That helps. I need (I'm afraid to admit) more room for error not less. I just want to grow your average low-light, easy plants. So, I think I have that part nailed down finally!


----------



## TheDuckyOne (Oct 10, 2005)

So what you are saying is water aeration doesnt effect co2 levels? Because I do not believe that is correct. Water aeration effects both o2 and co2 levels in the tank. The biowheel provides more aeration then a standard power filter.

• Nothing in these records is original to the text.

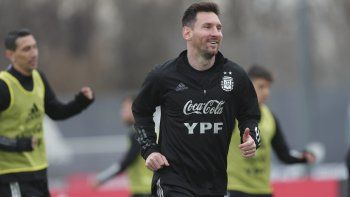 Sonríe el capitán. Lionel Messi y la selección argentina se preparan para un fin de semana decisivo Sonríe el capitán. Lionel Messi y la selección argentina se preparan para un fin de semana decisivo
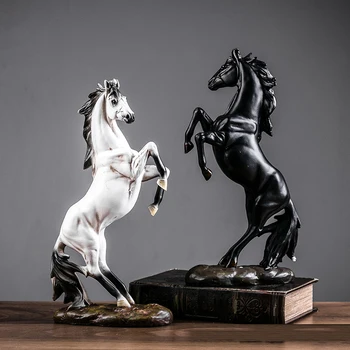 Sculpture de cheval de Style européen, Statue d'animal en résine, décoration, cadeau Souvenir, salon, bureau, étude, décoration de bureau 1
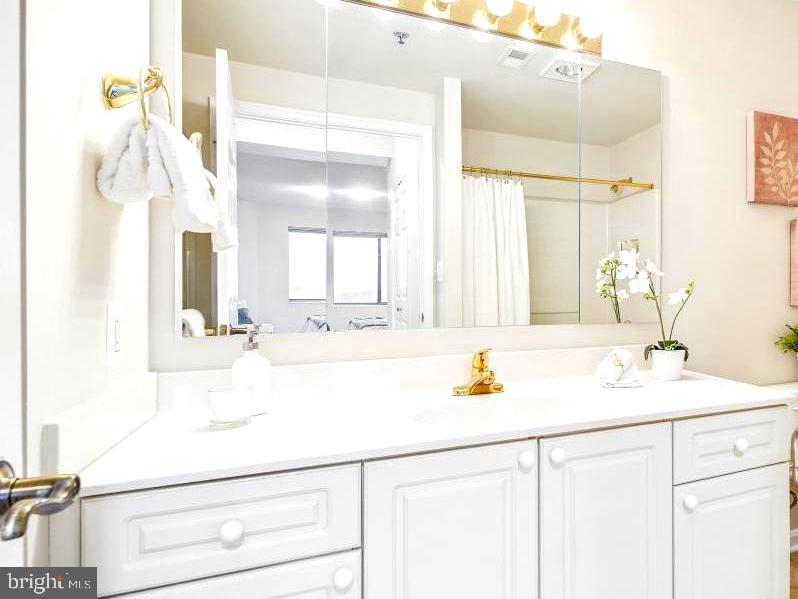 LEISURE WORLD - Residential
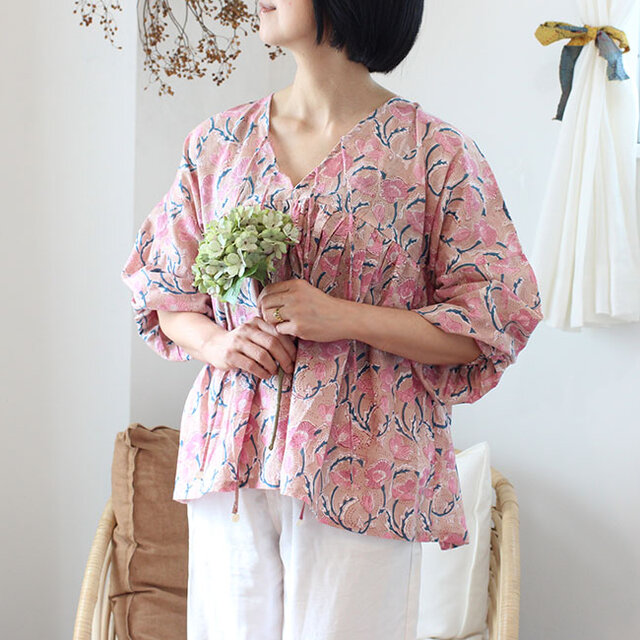ブロックプリントコットンふんわりスリーブリボンブラウス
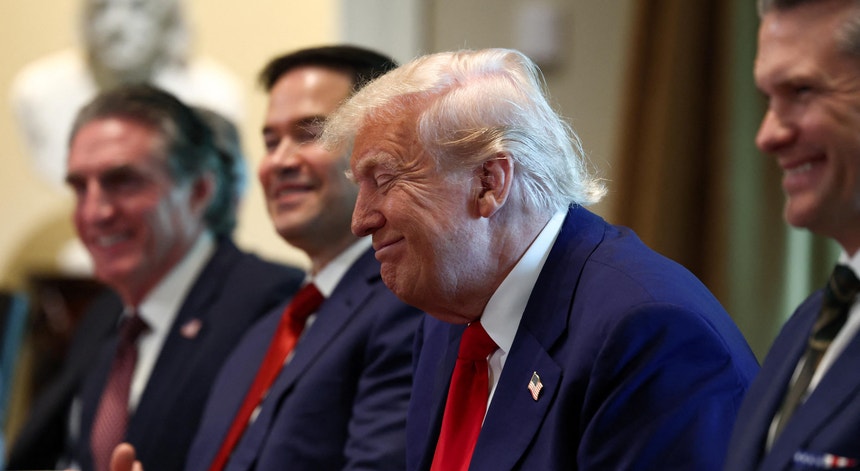 circulo-proximo-fez-fila-para-elogiar-trump-nos-primeiros-100-dias-de-mandato circulo-proximo-fez-fila-para-elogiar-trump-nos-primeiros-100-dias-de-mandato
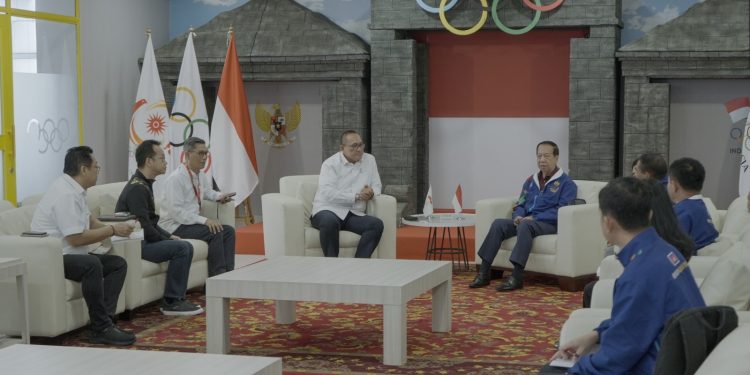 Pawai Obor SEA Games Berlangsung di Kompleks GBK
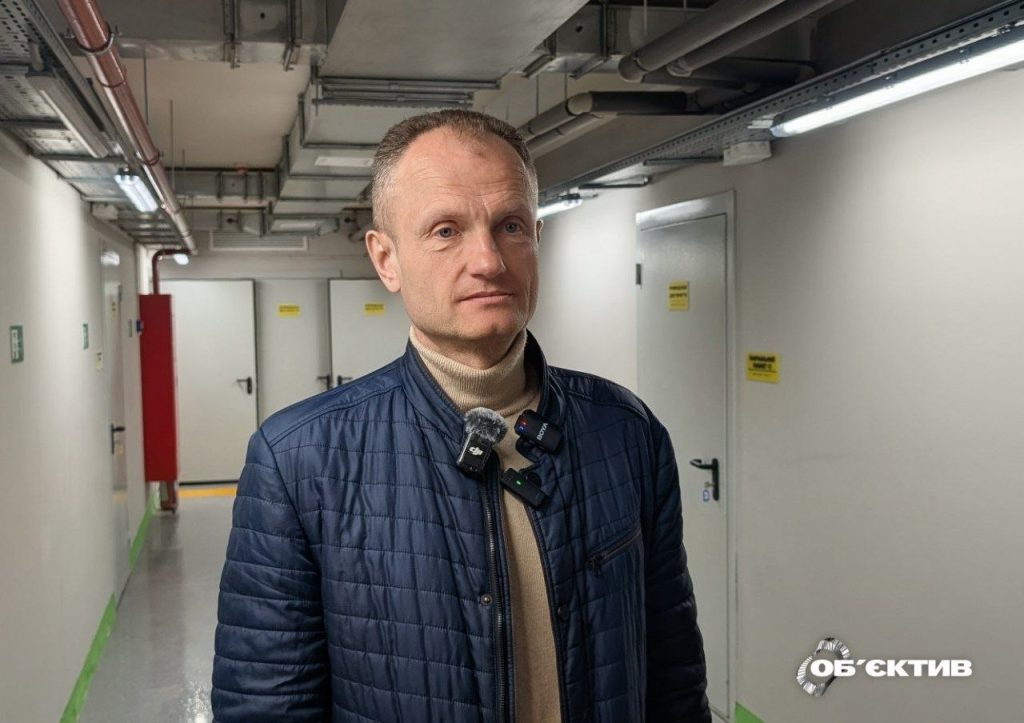 Учні та вчителі під час перерви у підземній школі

I don't want to argue with you here, I guess I wasnt explaining myself properly. As I stated in the last post, other things could have just as easily caused the stablity, including my expanding experince. However there is no denying that there is more water aeration with a biowheel then a power filter without one. The water is being moved more, giving a chance for both o2 and co2 to exit the water, and replacing itself with o2. Its always been my understanding that is the way that gasses are exchanged. If that is incorrect, please correct me.


----------



## Damon (Jan 18, 2005)

Gasses will always try to exchange till the reach equillibruim (like 3% for CO2 and 5% for O2 in water). Any more and it will try to gas off, any less and it will be absorbed. Agitation will speed up the process but there is a limit of saturation for both gasses (and all gasses. Neon is harder to saturate for instance).


----------



## TheDuckyOne (Oct 10, 2005)

TY for clarification. 

Damnit I really had hoped the neon would work...now I will have to figure out a new way to make my fish glow.


----------



## Fishfirst (Jan 24, 2005)

I'm not saying aeration does not affect o2 levels, I'm saying o2 levels have absolutely nothing to do with co2 levels for instance, you can have a high co2 level (by % or by ppm) and a high o2 level (by % or by ppm) or low o2 and low co2, or high o2 and low co2, or low o2 and high co2... one does not kick the other one out, you can have a lot of both and it can still be deadly... as for where I got this information, it is basic principles of high concentrations and low concentrations, a particle could "care less" if a particle of a different molecular structure is in a concentration with it... it only "cares" how many particles are in concentration with it that is the same molecular structure.


----------



## TheDuckyOne (Oct 10, 2005)

Argh, I am seriously not going to continue to discuss this with you. Ive cleared up the first post (which was unclear and I admit that) already, and you still dont seem to understand what I am saying. I consider the conversation here done, it has gone far off topic, and I cannot continue to repeat myself. The biowheel provides more aeration in the water, and the gasses are exchanged quicker. That is all I am saying. Ive already stated that the co2 stablity in the tank could be due to other things then the additional oppertunity for it to evaporate away. Either way it doesnt change the fact that I have had no problems growning plants using the eclipse hood.


----------



## Fishboy93 (Jun 11, 2005)

Low tech with average light is the way to go less chance of screw ups. Sorry i dont have time to read all this Co2 stuff and lights cause we are preparin for wilma... here is a pic of my average light tank


----------



## Fishfirst (Jan 24, 2005)

I'm not trying to be rude or trying to take this thread off topic... I just wanted to clarify some stuff that I thought to be wrong and a misconception. Now that you put it in your current words, I understand what you were saying, although both times before that it seemed to be off a bit. I do appologize if I seemed like I was seeking for an arguement here, because I wasn't.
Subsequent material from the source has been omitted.